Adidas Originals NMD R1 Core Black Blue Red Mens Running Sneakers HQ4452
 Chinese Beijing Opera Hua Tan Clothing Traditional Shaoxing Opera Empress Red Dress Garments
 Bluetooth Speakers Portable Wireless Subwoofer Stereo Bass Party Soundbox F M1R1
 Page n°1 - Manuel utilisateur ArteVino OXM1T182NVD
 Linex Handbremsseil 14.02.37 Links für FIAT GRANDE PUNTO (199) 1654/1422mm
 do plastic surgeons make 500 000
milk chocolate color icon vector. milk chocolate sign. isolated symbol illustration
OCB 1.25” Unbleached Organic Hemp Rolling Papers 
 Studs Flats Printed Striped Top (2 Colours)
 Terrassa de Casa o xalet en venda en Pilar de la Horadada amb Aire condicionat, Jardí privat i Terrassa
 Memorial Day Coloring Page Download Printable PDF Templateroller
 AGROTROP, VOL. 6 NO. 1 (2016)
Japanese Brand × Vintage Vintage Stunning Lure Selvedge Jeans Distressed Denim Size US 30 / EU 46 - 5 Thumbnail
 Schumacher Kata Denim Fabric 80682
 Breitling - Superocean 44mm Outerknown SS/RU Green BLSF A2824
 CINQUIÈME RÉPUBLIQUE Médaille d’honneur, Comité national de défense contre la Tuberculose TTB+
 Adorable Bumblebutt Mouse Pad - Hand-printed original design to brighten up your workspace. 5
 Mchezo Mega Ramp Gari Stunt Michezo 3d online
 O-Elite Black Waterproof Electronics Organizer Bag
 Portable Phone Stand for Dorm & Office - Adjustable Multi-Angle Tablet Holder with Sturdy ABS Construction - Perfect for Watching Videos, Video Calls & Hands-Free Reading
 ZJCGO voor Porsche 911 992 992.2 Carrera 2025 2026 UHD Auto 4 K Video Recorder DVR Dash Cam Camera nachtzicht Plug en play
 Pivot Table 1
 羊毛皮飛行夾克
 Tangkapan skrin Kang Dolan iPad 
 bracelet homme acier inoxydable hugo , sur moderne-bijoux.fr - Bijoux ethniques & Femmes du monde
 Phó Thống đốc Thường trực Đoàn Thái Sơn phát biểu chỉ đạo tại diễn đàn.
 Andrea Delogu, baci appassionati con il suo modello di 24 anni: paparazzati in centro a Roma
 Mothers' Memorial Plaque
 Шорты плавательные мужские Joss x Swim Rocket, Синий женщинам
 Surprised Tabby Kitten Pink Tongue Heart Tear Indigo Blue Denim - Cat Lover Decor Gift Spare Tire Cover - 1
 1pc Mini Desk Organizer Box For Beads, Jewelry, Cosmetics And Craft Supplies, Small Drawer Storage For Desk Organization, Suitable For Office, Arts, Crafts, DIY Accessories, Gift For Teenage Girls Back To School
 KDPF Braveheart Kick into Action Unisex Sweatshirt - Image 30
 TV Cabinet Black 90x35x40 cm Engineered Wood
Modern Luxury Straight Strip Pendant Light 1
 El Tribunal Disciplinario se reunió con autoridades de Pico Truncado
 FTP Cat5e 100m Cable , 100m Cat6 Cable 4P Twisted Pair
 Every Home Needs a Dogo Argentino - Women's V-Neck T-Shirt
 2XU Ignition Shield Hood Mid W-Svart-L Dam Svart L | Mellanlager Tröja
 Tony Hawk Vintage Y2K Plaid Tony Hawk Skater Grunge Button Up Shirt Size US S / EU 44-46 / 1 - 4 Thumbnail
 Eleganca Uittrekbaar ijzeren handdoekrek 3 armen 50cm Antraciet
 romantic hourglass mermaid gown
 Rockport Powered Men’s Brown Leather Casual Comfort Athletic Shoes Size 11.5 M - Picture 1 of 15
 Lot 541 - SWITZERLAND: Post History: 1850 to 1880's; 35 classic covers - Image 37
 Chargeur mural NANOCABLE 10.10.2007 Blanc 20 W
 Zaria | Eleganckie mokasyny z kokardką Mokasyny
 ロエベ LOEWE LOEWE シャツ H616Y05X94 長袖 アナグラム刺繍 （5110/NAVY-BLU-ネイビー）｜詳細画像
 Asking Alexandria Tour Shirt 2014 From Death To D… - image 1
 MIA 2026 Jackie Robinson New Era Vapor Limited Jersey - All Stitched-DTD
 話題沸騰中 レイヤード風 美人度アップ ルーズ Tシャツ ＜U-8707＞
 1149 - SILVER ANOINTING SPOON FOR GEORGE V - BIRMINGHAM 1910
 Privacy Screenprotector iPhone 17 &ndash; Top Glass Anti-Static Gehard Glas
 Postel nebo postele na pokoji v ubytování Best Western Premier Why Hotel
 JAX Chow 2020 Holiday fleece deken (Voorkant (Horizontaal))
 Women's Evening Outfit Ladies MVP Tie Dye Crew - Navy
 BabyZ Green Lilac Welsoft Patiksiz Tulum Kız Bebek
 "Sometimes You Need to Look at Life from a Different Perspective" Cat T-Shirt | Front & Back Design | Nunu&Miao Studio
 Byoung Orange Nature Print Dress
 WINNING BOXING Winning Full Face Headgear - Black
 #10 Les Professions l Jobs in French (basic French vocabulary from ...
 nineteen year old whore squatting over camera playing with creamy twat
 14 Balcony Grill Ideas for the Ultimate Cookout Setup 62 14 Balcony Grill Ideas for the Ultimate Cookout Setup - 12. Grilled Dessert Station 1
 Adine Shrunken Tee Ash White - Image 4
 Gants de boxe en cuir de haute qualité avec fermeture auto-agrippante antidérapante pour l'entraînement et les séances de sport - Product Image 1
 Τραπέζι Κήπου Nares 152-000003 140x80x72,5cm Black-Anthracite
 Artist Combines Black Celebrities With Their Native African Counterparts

====

Brief
Scan the listing for the string "Portable", then copy every line where it appears.

Answer section
 Bluetooth Speakers Portable Wireless Subwoofer Stereo Bass Party Soundbox F M1R1
 Portable Phone Stand for Dorm & Office - Adjustable Multi-Angle Tablet Holder with Sturdy ABS Construction - Perfect for Watching Videos, Video Calls & Hands-Free Reading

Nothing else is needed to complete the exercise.